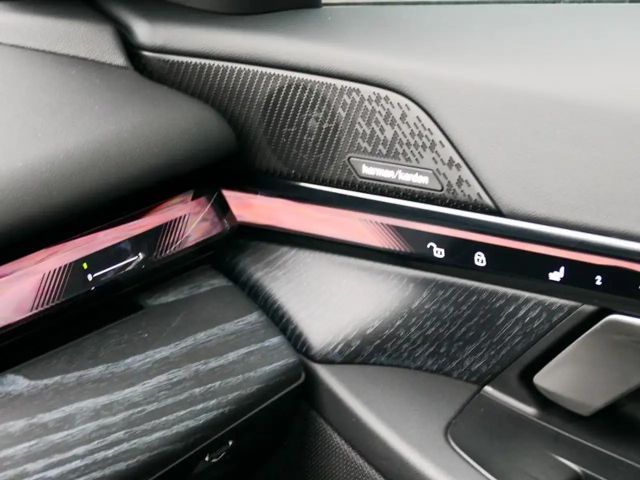 BMW 530 530e M-Sport Sedan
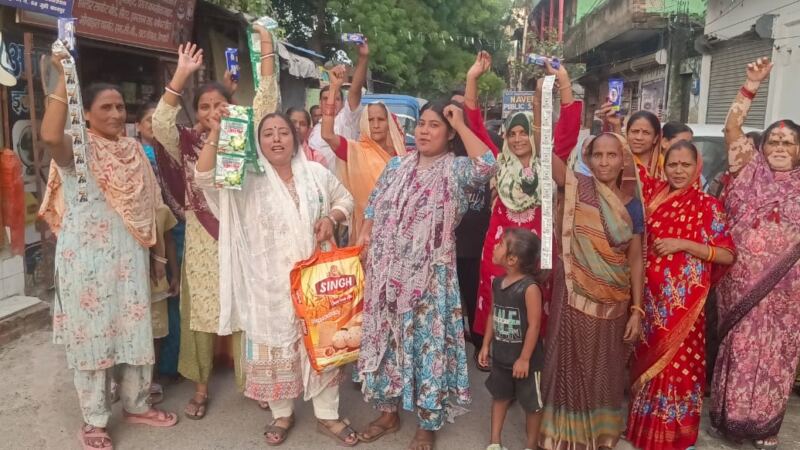 आटे की बोरी, साबुन और वॉशिंग पाउडर लेकर महिलाओं ने जल निगम के खिलाफ किया अनोखा प्रदर्शन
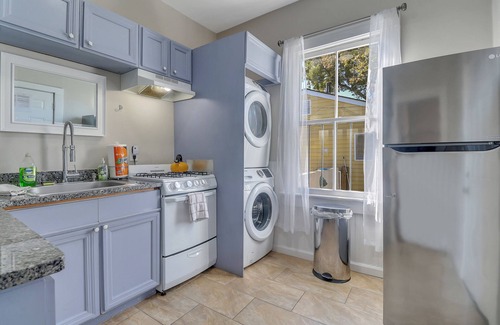 Hitch Village - Fred Wessels Homes Cabaña | Fresh and Modern Downtown Historic Duplex with Two Private Pools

——

- _ABOUT THIS EXERCISE_: The material shown above is to be repeated verbatim, and its pictures are to be omitted.

- _OUTPUT FOR THIS TASK_:
 BMW 530 530e M-Sport Sedan
 आटे की बोरी, साबुन और वॉशिंग पाउडर लेकर महिलाओं ने जल निगम के खिलाफ किया अनोखा प्रदर्शन
 Hitch Village - Fred Wessels Homes Cabaña | Fresh and Modern Downtown Historic Duplex with Two Private Pools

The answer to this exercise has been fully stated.